BC Tanjungpinang Bungkam, Peredaran Rokok Noncukai Kian Menggurita

BC Tanjungpinang Bungkam, Peredaran Rokok Noncukai Kian Menggurita

TANJUNGPINANG- Rokok noncukai yang jelas-jelas tidak memberi kontribusi kepada Negara, tampak semakin beredar bebas di kota Tanjungpinang.

Sejumlah Institusi yang terkait dalam pengawasan rokok illegal tersebut, seakan menutup mata. Justru, cenderung melakukan pembiaran.

Foto : Stiker pemesan pelanggan rokok

Sejumlah kalangan menilai, kalau rokok noncukai itu telah menimbulkan kerugian bagi Negara. Soalnya, kehadiran rokok dari berbagai merk itu, jelas-jelas tidak memberi kontribusi. Ironisnya, rokok resmi yang membayar mahal cukai kepada negara, justru mulai tergusur dari pasaran. Tapi, mengapa Institusi yang terlibat dalam pengawasan, justru bungkam.

Diketahui, salah satu perusahaan yang getol memasarkan produk rokok noncukai tersebut, diduga adalah PT. Bintan Aroma Sejahtera. Bayangkan, tanpa ada rasa takut sedikitpun terhadap Hukum di Negara ini, Perusahaan itu dengan tenang dan aman​ menimbun ribuan dus rokok noncukai yang siap dipasarkan di gudang miliknya di bilangan jalan raya Senggarang kecamatan Tanjungpinang kota.

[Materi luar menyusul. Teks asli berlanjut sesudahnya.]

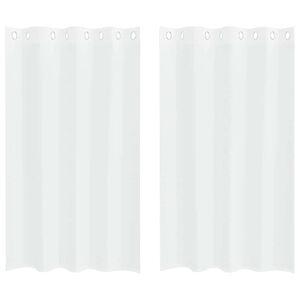 vidaXL Voile Gardin 2 st Vit 175 x 140 cm Polyester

Foto: ratusan dus rokok noncukai, dilansir dari Countainer ke ruko yang dijadikan gudang penimbunan rokok tersebut di jalan raya senggarang kecamatan Tanjungpinang kota.

Seorang warga yang enggan menyebutkan namanya nyeletuk kepada media ini, bahwa dirinya pernah melihat Trailer pembawa ribuan Dus rokok noncukai sedang membongkar di gudang tersebut, “saya pernah melihat Countainer sedang bongkar rokok di gudang itu. Tapi saya gak tau rokok apa isinya bang, “sebut lelaki yang meminta agar namanya tidak dipublikasikan beberapa waktu lalu.

Lemahnya pengawasan yang dilakukan, membuat pelaku bisnis ilegal ini semakin melebarkan sayapnya. Kini, pemasaran rokok tanpa cukai itu dilakukan secara terang-terangan. Para pekerja yang direkrut, mendatangi pedagang rokok yang berada di emperan maupun kios-kios rokok besar. Mereka menawarkannya, sembari menunjukkan jenis rokok yang mau dijual.

Maraknya peredaran rokok yang seyogianya beredar di kawasan Free Trade Zone (FTZ) itu, membuat media ini melakukan konfirmasi (6/10/2017) melalui layanan sms kepada Asiong, Pengusaha yang satu ini disebut-disebut salah seorang yang tergabung di perusahaan itu. Namun sayang. Asiong terkesan enggan menjawab.

Mengingat besarnya peranan BC Tanjungpinang dalam melakukan pengawasan terhadap peredaran rokok tersebut, dihari yang sama, media pun melakukan konfirmasi kepada Kasi P2 BC Tanjungpinang. Tapi, hasil didapat sama saja. Agus, yang menjabat sebagai Kasi P2 di BC Tanjungpinang pun tidak menjawab konfirmasi yang dilakukan.

Diduga, orang yang sedang menelpon ini adalah pemilik Ruko yang dijadikan gudang rokok noncukai di senggarang (insert : sebelah kiri diduga penegak hukum terkait)

Sikap Kasi P2 BC Tanjungpinang yang terkesan bungkam itu, justru menimbulkan asumsi miring. Diduga kuat, pihak BC Tanjungpinang mendapat upeti. Sehingga, tidak punya nyali untuk melakukan Pencegahan dan Penindakan.